START SUPPLIED INFORMATION
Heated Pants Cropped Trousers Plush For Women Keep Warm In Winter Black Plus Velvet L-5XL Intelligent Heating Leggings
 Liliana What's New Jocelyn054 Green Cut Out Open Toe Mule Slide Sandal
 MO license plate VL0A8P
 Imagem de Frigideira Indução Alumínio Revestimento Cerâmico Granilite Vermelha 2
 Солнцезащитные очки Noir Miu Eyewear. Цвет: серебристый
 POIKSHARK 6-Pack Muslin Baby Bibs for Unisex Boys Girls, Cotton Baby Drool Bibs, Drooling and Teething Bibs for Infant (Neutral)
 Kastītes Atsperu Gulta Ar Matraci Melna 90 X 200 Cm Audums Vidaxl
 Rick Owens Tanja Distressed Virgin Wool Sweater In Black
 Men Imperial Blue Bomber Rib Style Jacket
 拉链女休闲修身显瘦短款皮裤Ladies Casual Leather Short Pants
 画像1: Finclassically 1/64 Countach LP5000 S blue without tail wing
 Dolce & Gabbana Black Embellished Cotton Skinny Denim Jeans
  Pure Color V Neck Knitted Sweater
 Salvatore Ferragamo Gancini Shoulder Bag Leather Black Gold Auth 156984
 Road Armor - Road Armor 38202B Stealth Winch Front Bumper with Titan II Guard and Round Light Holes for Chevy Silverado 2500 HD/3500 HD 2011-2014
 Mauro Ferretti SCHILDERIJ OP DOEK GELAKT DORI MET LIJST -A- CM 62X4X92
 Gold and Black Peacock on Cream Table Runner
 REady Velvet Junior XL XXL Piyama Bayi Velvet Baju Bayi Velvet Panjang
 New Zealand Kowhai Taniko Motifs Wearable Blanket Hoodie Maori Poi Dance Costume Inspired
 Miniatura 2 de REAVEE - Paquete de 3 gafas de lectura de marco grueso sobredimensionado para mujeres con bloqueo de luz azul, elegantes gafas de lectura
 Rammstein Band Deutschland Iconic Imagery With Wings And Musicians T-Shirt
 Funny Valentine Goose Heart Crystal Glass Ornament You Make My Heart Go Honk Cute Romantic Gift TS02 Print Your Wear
END SUPPLIED INFORMATION
WHAT IS BEING ASKED ->
The lines from the beginning of the records through the line containing "Imagem de Frigideira" should be reproduced exactly. Include nothing else.

SOLUTION FOR THIS TASK ->
Heated Pants Cropped Trousers Plush For Women Keep Warm In Winter Black Plus Velvet L-5XL Intelligent Heating Leggings
 Liliana What's New Jocelyn054 Green Cut Out Open Toe Mule Slide Sandal
 MO license plate VL0A8P
 Imagem de Frigideira Indução Alumínio Revestimento Cerâmico Granilite Vermelha 2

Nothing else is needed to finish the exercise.